#48 Get Out of Your “Slump”

Strengthen your core–and hold your head high.

Don’t be a slouch. You there, sitting at your computer with your shoulders slumped, one hand on the mouse, your head jutting forward to better see your screen. Sit up straight.

Posture isn’t just about how you look—though ever walk by a window and catch your slumped reflection? Not hot. Your stature is who you are. Your body is you, and it’s your advertisement for you, the person you present to the world. Posture is one element in your body’s whole grand scheme.

Why the frowny shoulders? Do you feel bad? Because that’s how it looks. Like you’re tired, or sad, or have a stomachache.

Or worse…that you don’t feel entitled to stand tall. If it’s not an issue of depression, and it’s not laziness, it could be a matter of confidence. When you stand tall, you look like more of an effectual person, someone who should be listened to. Someone who believes that he or she matters. In sharp contrast, the hunchback look turns you into more of a wallflower. It makes you look like you question your very presence in the room. Go ahead and wring your hands while you’re at it.

Back to laziness.
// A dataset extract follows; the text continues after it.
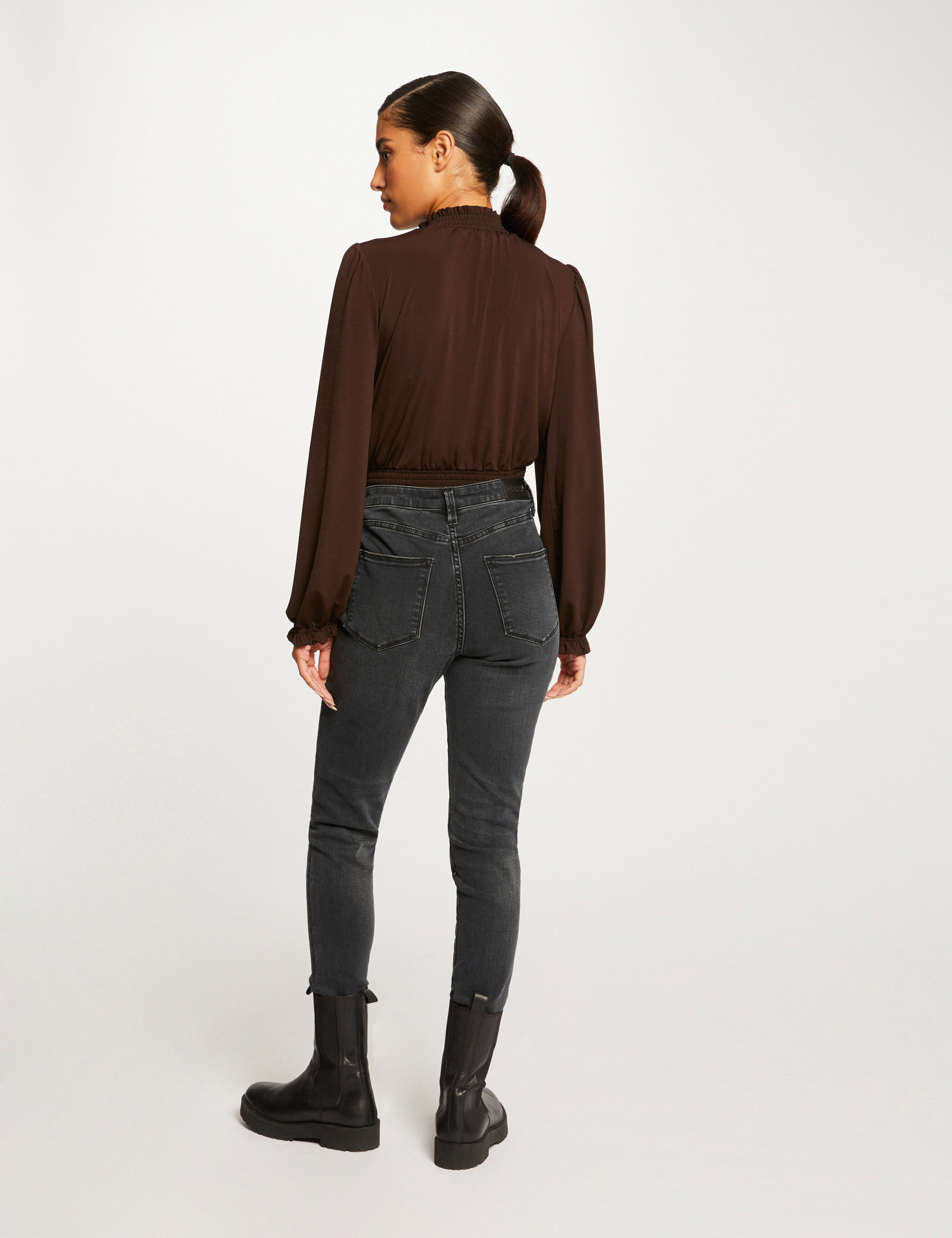 t shirt lange mouwen en opstaande kraag bruin vrouw T-shirt lange mouwen en opstaande kraag bruin vrouw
It takes strength to hold your back straight and shoulders back. It takes remembering to sit up when you find yourself folding inward. It takes strong abdominal muscles to support the work the lower back is doing holding you up.

So now you may see how it’s all connected. If you care about yourself and feel like a worthy member of society, you care how you look. If you care how you look, you take care of your body. If you take care of your body, you strengthen the core as needed so you can sit the heck up straight in your chair.
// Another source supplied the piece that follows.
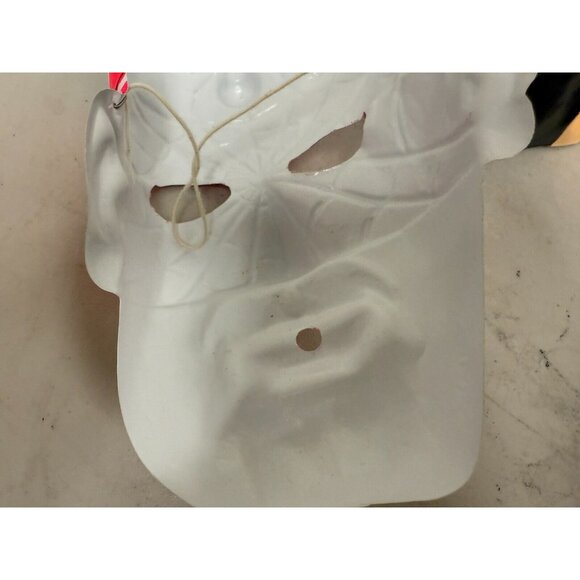 Lot of 2 Vintage Scary Halloween Dracula & Spiderman Mask Plastic elastic string - Picture 8 of 12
Here are a few exercises you can do to help yourself stand up straighter:

  1. Strengthen and stretch your pecs. Your chest muscles help support the back, so do some pushups. Then stand in a doorway and press your forearms in a goalpost position into the door frame. Let your chest jut out a bit, but hold your abs tight.
  2. Do some shoulder shrugs. Hold some medium-heavy weights and shrug your shoulders to your ears, like an exaggerated, “I don’t know” gesture. Hold the shoulders up for a second or two, then release gently. Repeat 10 times.
  3. Do a spine stretch. Sitting on the floor with your legs hip-width apart and arms out straight in front of you, imagine you are rolling one vertebra at a time toward the mat, aiming to touch the top of your head, not your forehead, to the floor. Then inhale deeply as you stack your vertebrae back up to a tall seated position. This is a Pilates move—ask me or someone trained in Pilates to help you if you’ve never done it before.

These are just a few exercises to get you started, but there are many others. Your core is literally the center of your being and what carries your posture, so it must not be neglected. Care enough about your body, your self, to hold your head high!